Affabulazioni

Tenacia femminile

13.12.2023
Da bambino ricordo di aver visto, a casa dei nonni materni, una foto che ritraeva alcuni uomini vestiti a festa in piedi su di un promontorio che sovrastava una città di mare. Il paesaggio alle spalle di questi uomini, tra i quali c’era mio nonno, era carico di suggestioni. Il porto, le navi, il golfo, apparivano disegnati da quanto erano perfetti e il bambino ne rimaneva affascinato. Sul retro della fotografia una fugace nota ricordava l’occasione e il luogo in cui era stata scattata: Pasqua del 1940, Durazzo, Albania.
Fu con quell’immagine in mente che, cinquantuno anni dopo la data riportata sulla foto, aprii gli occhi sulla realtà dell’Albania e di quella città che mi era apparsa così suggestiva da bambino. Nel mese di marzo del 1991, dallo stesso porto dove era sbarcato mio nonno per sostenere le ambizioni imperiali del Duce, partivano vecchie navi cariche di uomini e donne di ogni età. Più tardi si contarono in circa ventimila gli albanesi che, quasi presi da un raptus escapistico, nell’arco di poche settimane erano saltati a bordo di questi scafi malandati con l’idea di raggiungere l’Italia e sfuggire così dalle incertezze dell’Albania post-comunista.
Ana e le sue tre bambine erano a bordo di una di queste navi.
Alcuni mesi prima, nell’estate del 1990, l’Abania era stata scossa dalle prime manifestazioni di protesta pubbliche in quarantacinque anni, quanto era durato il duro regime nazional-comunista retto per quasi tutto il tempo da Enver Hohxa, morto nel 1985. Migliaia di persone si erano riversate all’interno delle ambasciate dei paesi occidentali chiedendo asilo. Circa 800 di esse vennero accolte in Italia, ricevute con benevolenza in quanto “dissidenti” di un regime in via di sfaldamento in un paese con forti legami con il nostro. Per loro, i primi immigrati albanesi, la strada dell’asilo politico non fu difficile, ma bastarono pochi mesi e un certo numero di navi perché il clima generale cambiasse, e degli albanesi si cominciasse a parlare con toni diversi, sempre più orientati verso l’allarmismo, l’insofferenza, per finire nel razzismo.
Fra quei primi fortunati accolti da profughi in Italia c’era il marito di Ana, anzi l’ex marito, visto che da circa un anno vivevano separati. Oggi entrambi risiedono in Friuli, in paesi diversi della provincia di Udine.
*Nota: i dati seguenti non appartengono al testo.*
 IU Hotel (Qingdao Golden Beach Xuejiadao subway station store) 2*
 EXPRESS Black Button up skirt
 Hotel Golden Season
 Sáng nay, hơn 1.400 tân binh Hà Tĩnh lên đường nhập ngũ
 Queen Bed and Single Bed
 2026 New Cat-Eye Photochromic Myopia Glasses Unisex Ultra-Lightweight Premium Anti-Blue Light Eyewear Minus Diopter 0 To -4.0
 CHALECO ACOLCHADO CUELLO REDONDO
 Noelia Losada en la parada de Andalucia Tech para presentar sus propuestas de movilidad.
Lei ha con sé le tre bambine, ormai diventate ragazze, e convive con un friulano.
Ana è una donna minuta di 46 anni, ha uno spirito istintivamente comunicativo e gioviale. Mentre mi racconta la sua storia, le sue tre figlie, due gemelle di quindici anni e la maggiore di venti, siedono attorno a noi, sedute sul divano e sul tappeto, intervenendo con commenti e richieste di chiarimenti. Parte della storia familiare è poco nota anche a loro, che sono cresciute in quello che considerano, legittimamente, il loro paese. Per la mamma è diverso, anche se tutti i suoi parenti ormai vivono in Italia il legame con l’Albania è ancora forte.
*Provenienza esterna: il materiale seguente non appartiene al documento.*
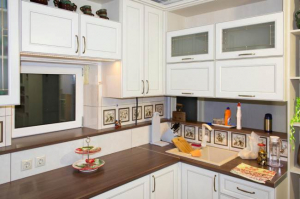 Белая угловая кухня 12,2 кв.м с высокими верхними шкафами. Классический стиль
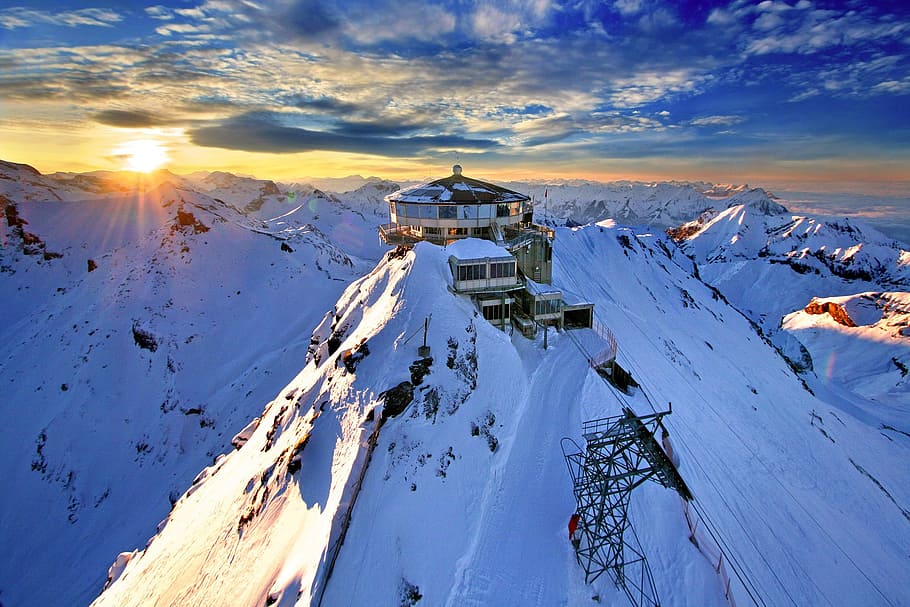 Gray And White House On Top On Snowy Mountain, Schilthorn, - Best Views Switzerland - HD Wallpaper 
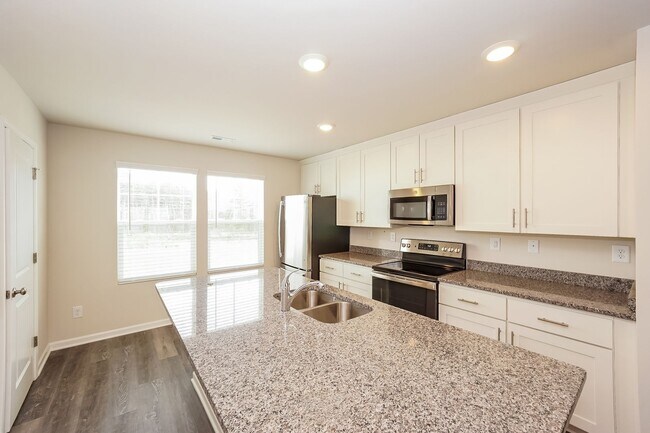Foto del edificio - 1211 Briarhill Rd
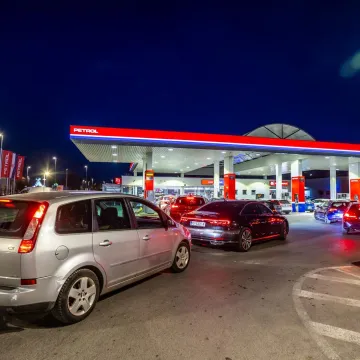 Skorinov poučak o benzinskom turizmu: Susjede sprječava cijena, kod nas je najskuplje
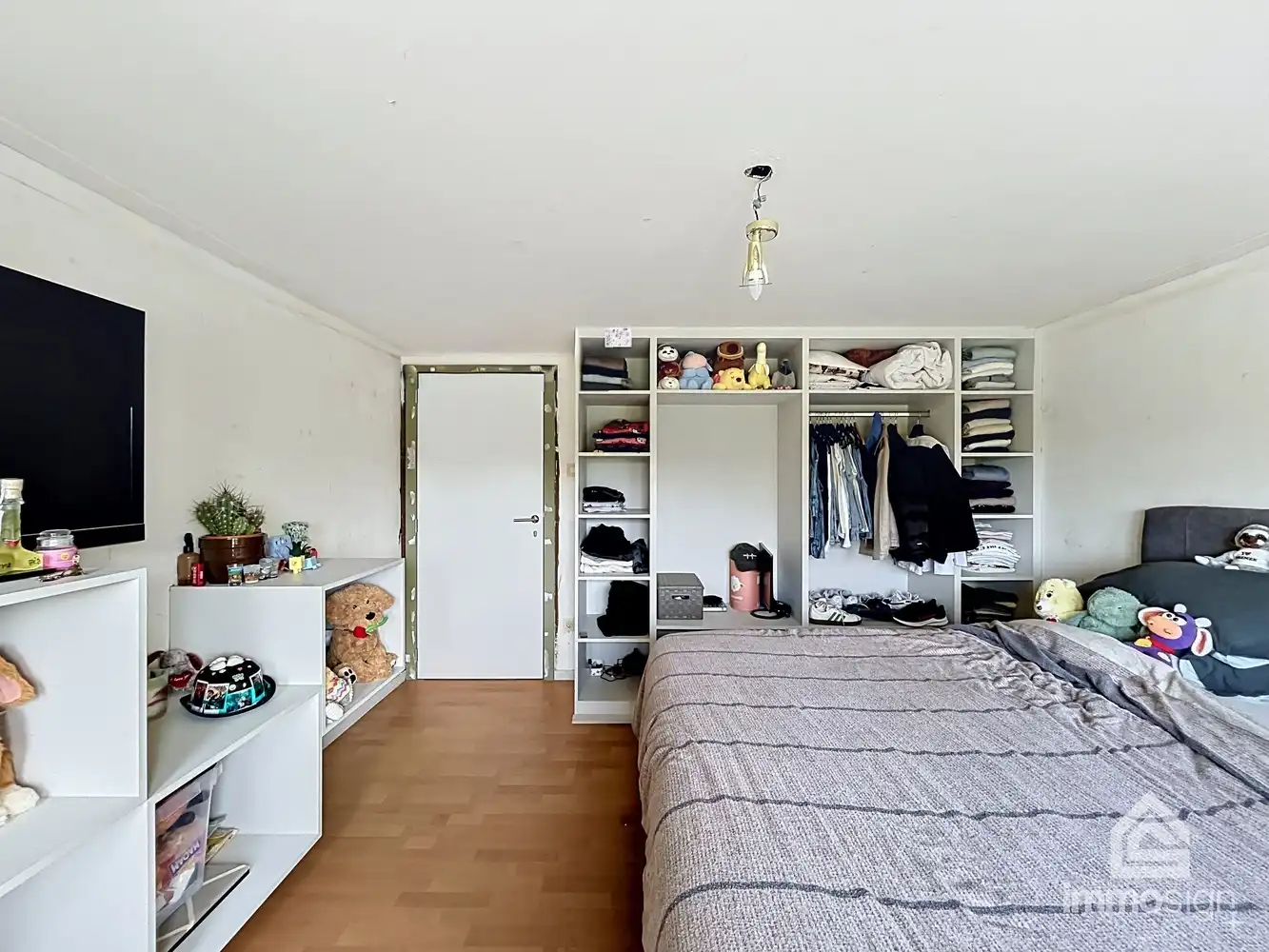 Ruime gezinswoning met drie slaapkamers te Opitter! foto 23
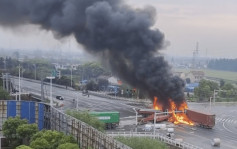 江苏泰州一路口三辆货车迎头相撞起火  有尸体送到殡仪馆 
«Se non ci fossero state le bambine, sarei tornata in Albania», dice riferendosi ai primi tempi.
Ma oggi la situazione è cambiata. Da alcuni anni si è legata ad un uomo di qua, che ha costruito con lei, le sue figlie e la nonna arrivata dall’Albania, una nuova famiglia. Insieme hanno deciso di comprare casa e per questo stanno pagando un mutuo.
«Per comprare casa ho dovuto vendere il mio appartamento a Durazzo e un po’ mi dispiace. Se avessi soldi, mi piacerebbe avere una casa anche là per andare a trascorrere le vacanze. Quella rimane pur sempre la mia terra».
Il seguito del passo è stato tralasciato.